Collagen cross-link profiles and mineral are different between the mandible and femur with site specific response to perturbed collagen

Compromises to collagen and mineral lead to a decrease in whole bone quantity and quality in a variety of systemic diseases, yet, clinically, disease manifestations differ between craniofacial and long bones. Collagen alterations can occur through post-translational modification via lysyl oxidase (LOX), which catalyzes enzymatic collagen cross-link formation, as well as through non-enzymatic advanced glycation end products (AGEs) such as pentosidine and carboxymethyl-lysine (CML). Characterization of the cross-links and AGEs, and comparison of the mineral and collagen modifications in craniofacial and long bones represent a critical gap in knowledge. However, alterations to either the mineral or collagen in bone may contribute to disease progression and, subsequently, the anatomical site dependence of a variety of diseases. Therefore, we hypothesized that collagen cross-links and AGEs differ between craniofacial and long bones and that altered collagen cross-linking reduces mineral quality in an anatomic location dependent.
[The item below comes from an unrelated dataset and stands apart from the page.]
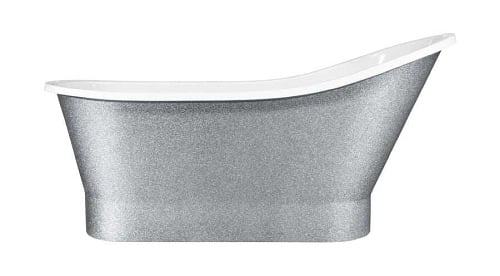 Wanna wolnostojąca kolor srebrny 150 cm z syfonem klik - klak Gloria Glam Besco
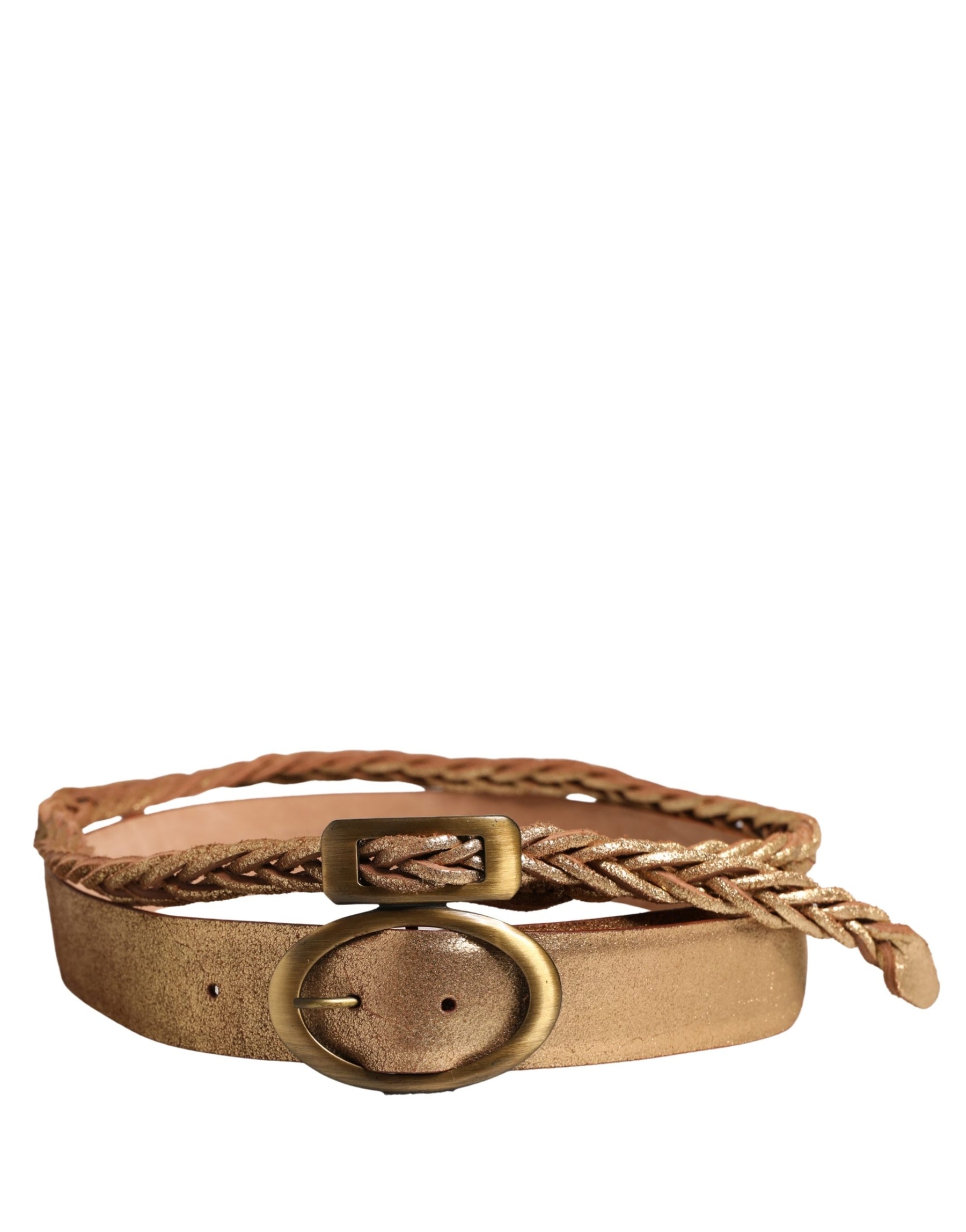 Ermanno Scervino Brown Leather Braided Metal Buckle Belt | Regal Royce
To study the effects of cross-link inhibition on mineralization between anatomical sites, beta-aminoproprionitrile (BAPN) was administered to rapidly growing, 5–8 week-old male mice. BAPN is a dose-dependent inhibitor of LOX that pharmacologically alters enzymatic cross-link formation. Long bones (femora) and craniofacial bones (mandibles) were compared for mineral quantity and quality, collagen cross-link and AGE profiles, and tissue level mechanics, as well as the response to altered cross-links via BAPN. A highly sensitive liquid chromatography/mass spectrometry (LC-MS) method was developed which allowed for quantification of site-dependent accumulation of the advanced glycation end-product, carboxymethyl-lysine (CML). CML was ∼8.3× higher in the mandible than the femur. The mandible had significantly higher collagen maturation, mineral crystallinity, and Young's modulus, but lower carbonation, than the femur. BAPN also had anatomic specific effects, leading to significant decreases in mature cross-links in the mandible, and an increase in mineral carbonation in the femur. This differential response of both the mineral and collagen composition to BAPN between the mandible and femur highlights the need to further understand how inherent compositional differences in collagen and mineral contribute to anatomic-site specific manifestations of disease in both craniofacial and long bones.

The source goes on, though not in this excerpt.